Tracy Hammond
Email: hammond at cs.tamu.edu
Office: HRBB 414C
Phone: 979 862 4284
Analysis, implementation, and comparison of sketch recognition algorithms, including feature-based, vision-based, geometry-based, and timing-based recognition algorithms; examination of methods to combine results from various algorithms to improve recognition using AI techniques, such as graphical models.
Students need to be proficient at object oriented programming in either Java or C++. Students should have taken some higher level computer science courses. Possible courses include artificial intelligence, user interfaces, or software engineering.

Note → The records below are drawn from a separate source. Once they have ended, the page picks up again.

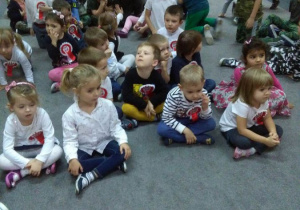 Dzieci słuchają pieśni patriotycznych.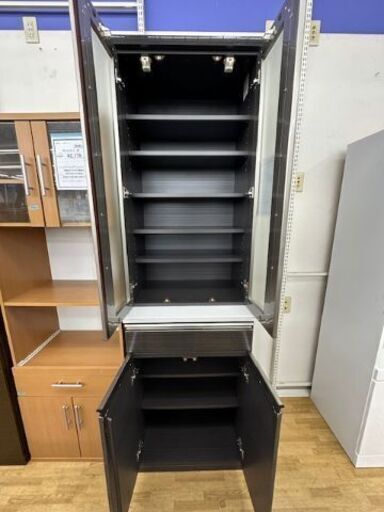 ドリーム川西店御来店限定】 マナベ 2枚扉食器棚 ダークブラウン H2065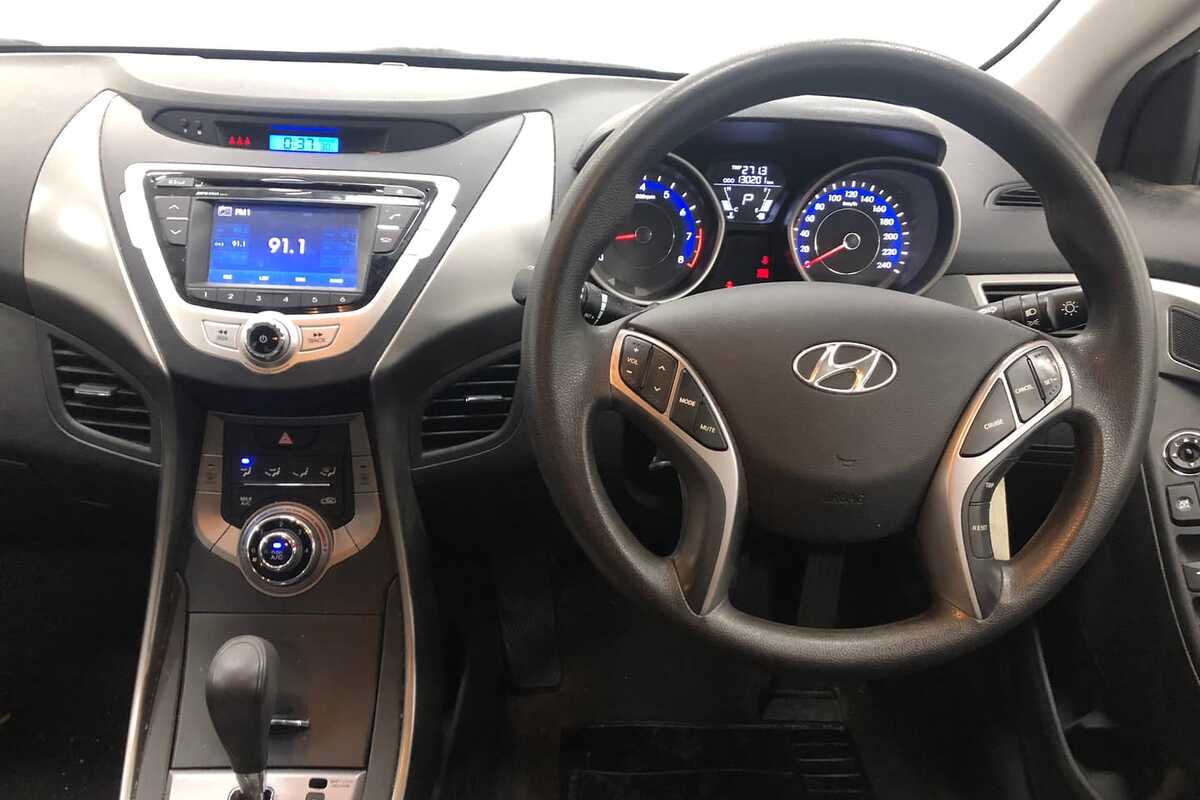 2013 Hyundai Elantra Active MD2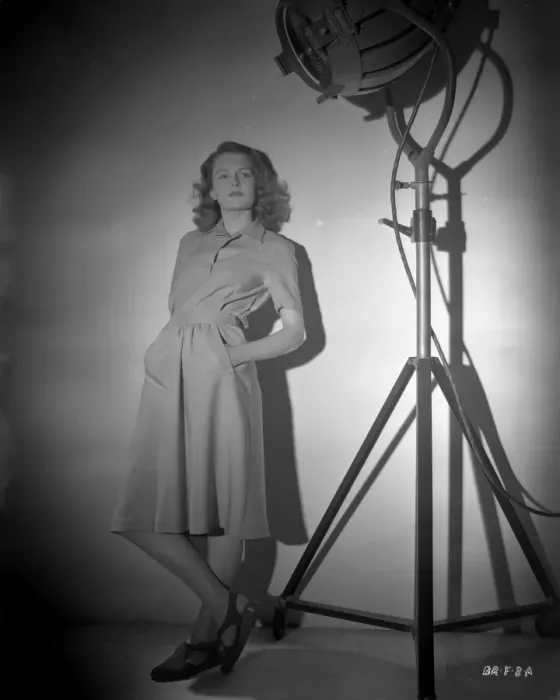 Framed Print : Carol Marsh in a publicity portrait for Brighton Rock (1947) Framed Print : Carol Marsh in a publicity portrait for Brighton Rock (1947)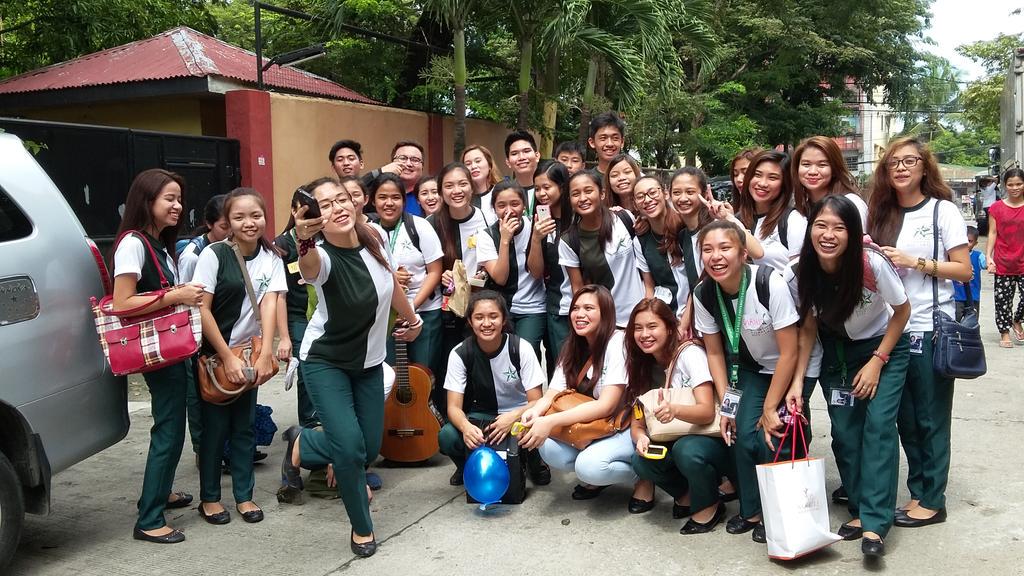 pucherrific's tweet image. Lasallians are beautiful, inside and out. 
#BSTourism13
#communityimmersion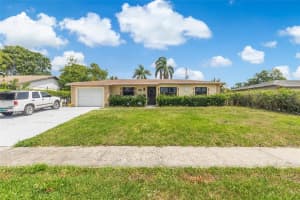 539 Sabal Palm Dr, LAKE PARK
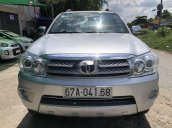 Cần bán gấp Toyota Fortuner đời 2009, màu bạc xe gia đình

Each topic will take 1-2 weeks. Each topic will include reading of related papers; students will write a summary and discussion of and/or comment on each paper on their blog. Programmatic assignments will accompany each topic. Students will develop a final project as part of the course. Students will have to write up results in journal formal and provide videos for certain homeworks and final project.
Homeworks: 60%
Project: 30%
Class Participation: 10%
Mini quizzes may be randomly given as part of homework and class participation
(testing that reading was done and ready to be discussed in class).
Students will be expected to do a term project. The possible topics vary widely. Possible topics include:
1) Building a sketch system for a new application using existing techniques
2) Creating a new sketch algorithm by merging techniques, or developing a new technique
Students will write a description of their project expressing why the techniques used were appropriate and why.
Students should also test their projects by having five other people testing their algorithm.